Hi. My 4 yr old granson is having severe(?) trantums. He is 'borderline Atistic". My daughter just gave birth this last week & is "terrified" of her son having a trantum if she is alone with them. My grandson is communicative most of the time, very sweet, listens, understands...however the trantums are so bad, im not sure he even remembers? What book(s) do you recommend? thank you so much
Submitted: 6 years ago.
Category: Parenting
Expert:  Bonnie replied 6 years ago.
Hello and thank you for consulting JA,

There is a great book and DVD (first two below)for dealing with this behavior. I must say that you are using a good approach for the tantrum once it happens. The ideal is to become very sensitive to his subtle cues that a tantrum is about to happen and intervene early.
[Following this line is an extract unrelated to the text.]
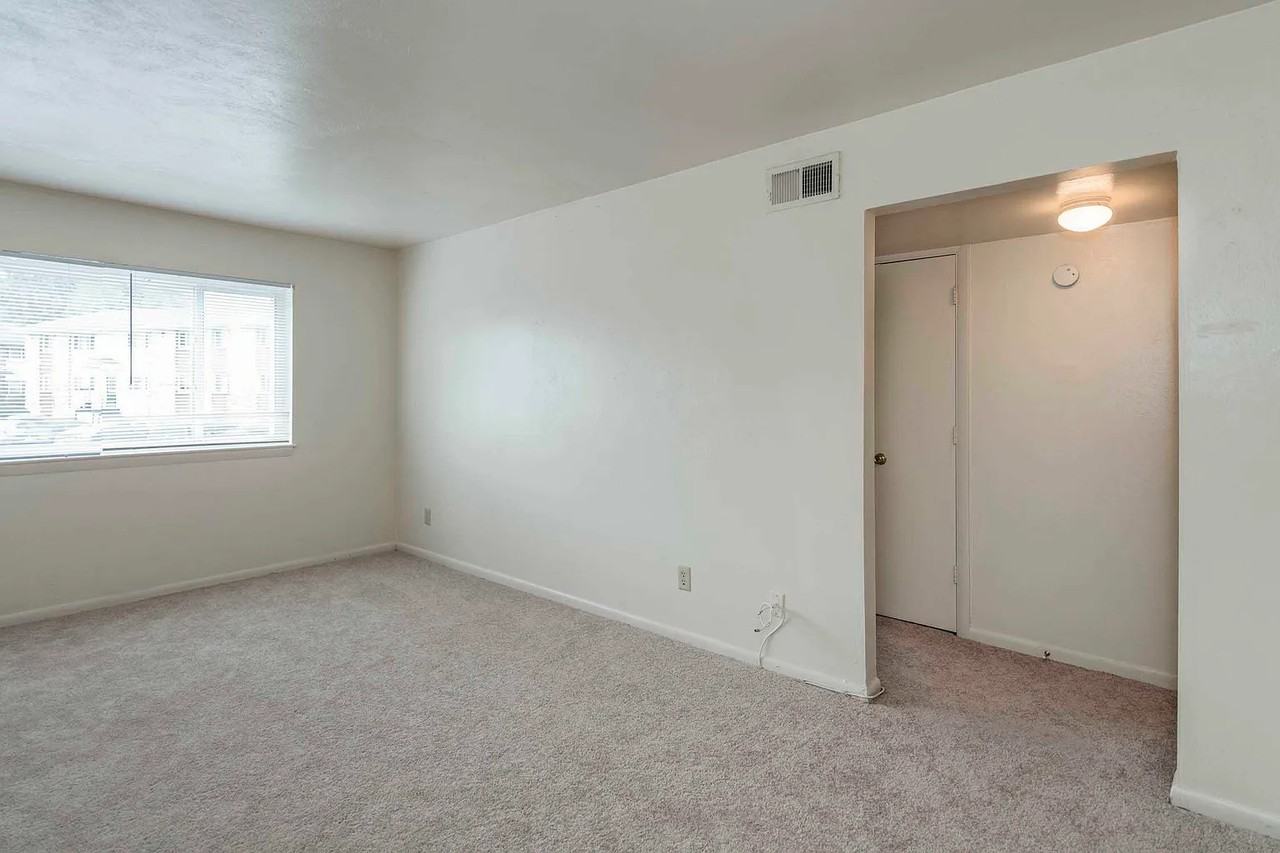 2804 Waverly Way - Photo 5 of 8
Not always so easy, I know. The intervention should be a sensory diet. I have listed several resources for you on this too (3rd and 4th items). Good Luck.

This website will give you immediate information....
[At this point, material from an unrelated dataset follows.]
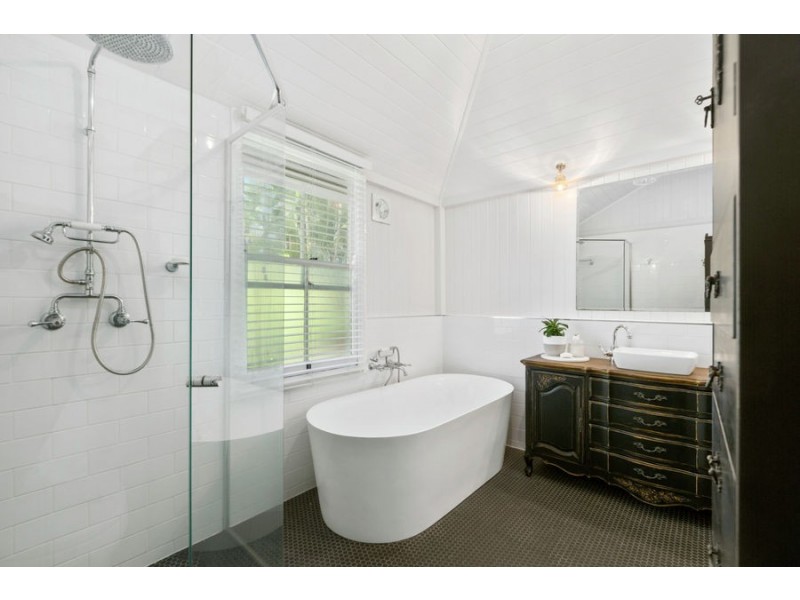 35 Gow Street, Yeerongpilly QLD 4105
I hope these help and good luck...

Customer: replied 6 years ago.

What do you mean by " sensory diet"? Also, specifically what YOU would do if faced with this type of behavior given the info regarding my grandson.

Thank you.

Expert:  Bonnie replied 6 years ago.
The last website explains the sensory diet. I would get an occupational therapist involved who would assess his behaviors and recommend an individualized sensory diet. Severe tantrums are not unusual in children with Autistic Spectrum Disorders. Often, they do no have control over their uncomfortable emotions. I would look for signs that a tantrum is coming....over tired, hungry, sick....and intervene with a calming strategy before they become full blown. There are many, many of these calming strategies (sensory diet) example is, having an enclosed place to go when he feels out-of sorts (a child tent in corner of room), being rolled up in a blanket like a hotdog. In the middle of a tantrum, there is little I would do but wait until he calms and then, comfort him.
Most parents do not like this one...but...I would also have him seen by a child psychiatrist or developmental pediatrician with expertise in Autism and look at the option of medication which would decrease his aggressiveness (Risperidol or Intuniv, for instance).